E por último, e não menos importante, entra o nível de colaboração intermunicipal, ou global, em que a interação entre as próprias cidades pode promover mudanças benéficas e compartilháveis entre diferentes realidades.

Na dianteira desse movimento está Barcelona, que lançou o 'Barcelona Digital City'. Nele, a cidade busca criar espaços digitais de transparência e interação com seus cidadãos. O projeto, criado pela diretora de inovação da cidade, Francesca Bria, já se espalha pelo mundo em eventos como o Ouisharefest.

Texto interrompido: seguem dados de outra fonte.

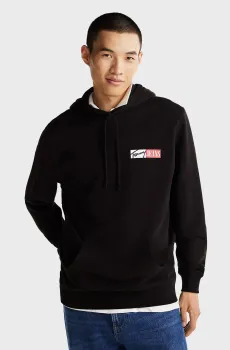 Мужское черное худи TJM REG ENTRY GRAPHIC HOODIE EXT Черный L Tommy Jeans DM0DM20257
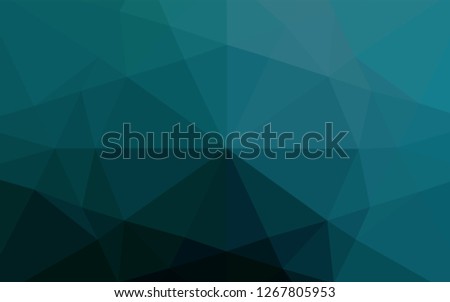Light BLUE vector abstract mosaic background. Brand new colored illustration in blurry style with gradient. Brand new design for your business.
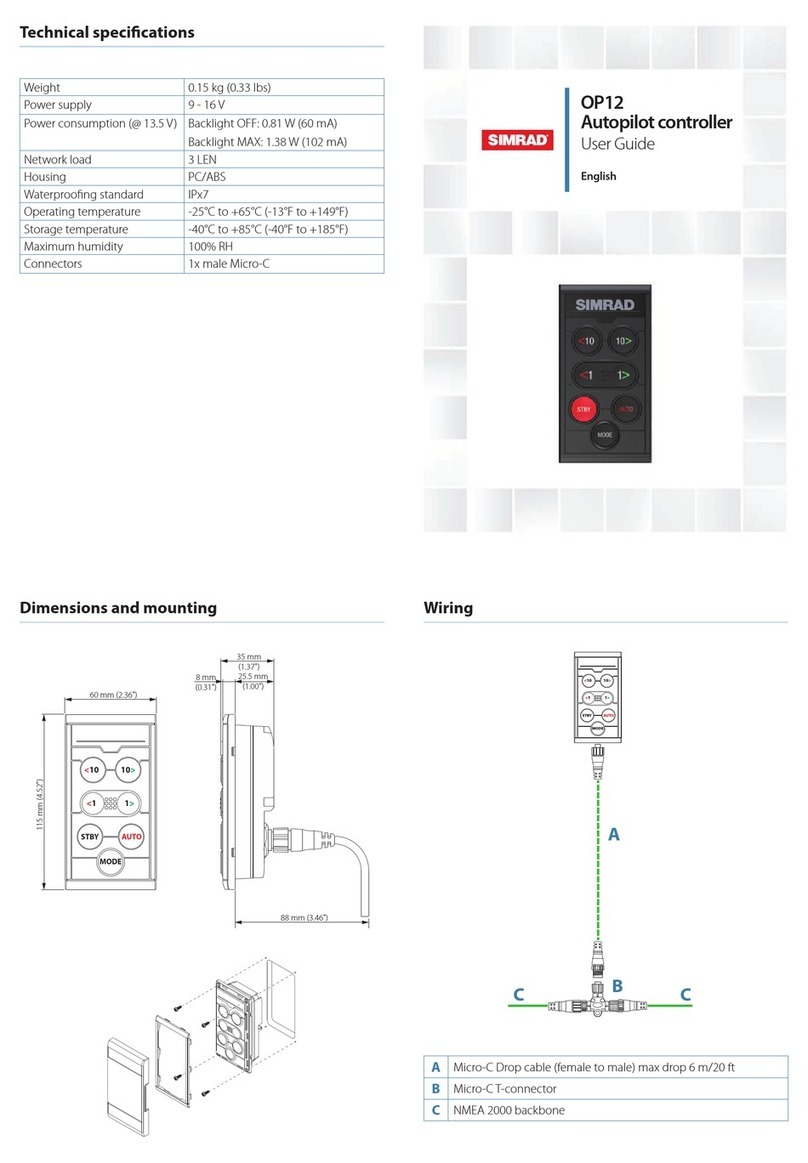 Simrad OP12 User manual Simrad OP12 User manual
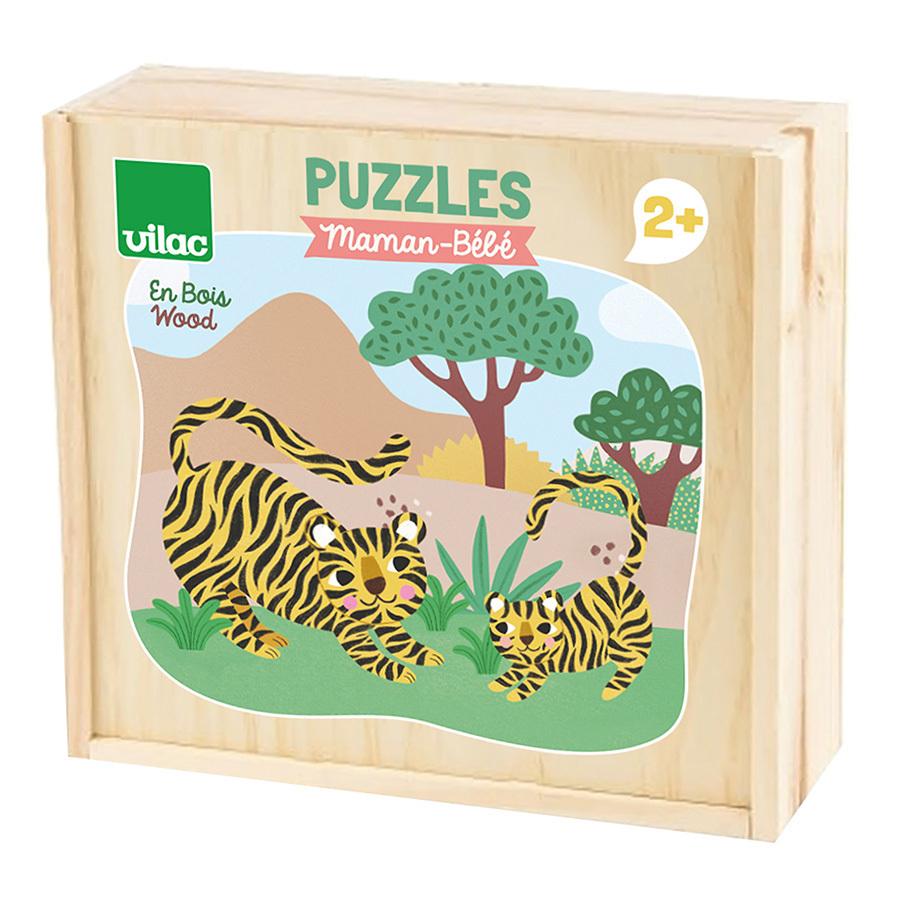 Puzzle Maman Bébé Vilac (12 paires)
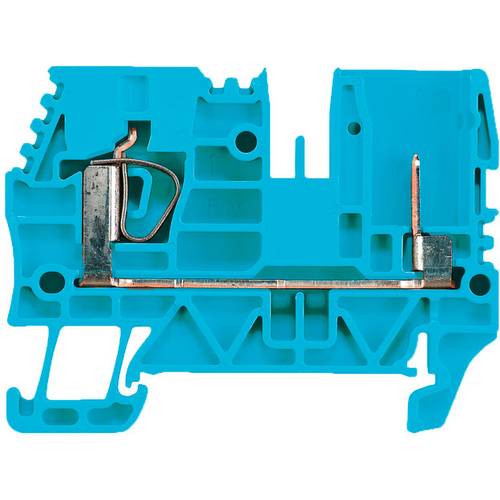 Weidmüller 1312830000 Durchgangsreihenklemme 6 mm Zugfeder Blau 50 St.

A América Latina não fica de fora desse movimento. Por aqui, surgem iniciativas como o Nossas Cidades, uma plataforma digital que mobiliza centenas de milhares de pessoas em torno de uma política mais transparente e justa pelo país, e o Movimento Global de Empresas B, uma rede internacional de pessoas e empresas que usam a força dos negócios para solucionar problemas ambientais e sociais

O surgimento de eventos como o ColaborAmerica, a versão Latino Americana do Ouisharefest que terá sua 2ª edição nos dias 23 a 25 de novembro, no Rio de Janeiro, mostra a força do movimento no continente.

No ano passado, o festival reuniu 4.400 pessoas e trouxe palestrantes como Ricardo Abramovay, Lala Deheinzelin e Sérgio Besserman. Das falas, oficinas e ideias compartilhadas no Rio e em Paris surgiram as as mesmas preocupações: mudanças radicais estão acontecendo. Como aproveitá-las para melhorarmos as condições de vida desta e da próxima geração?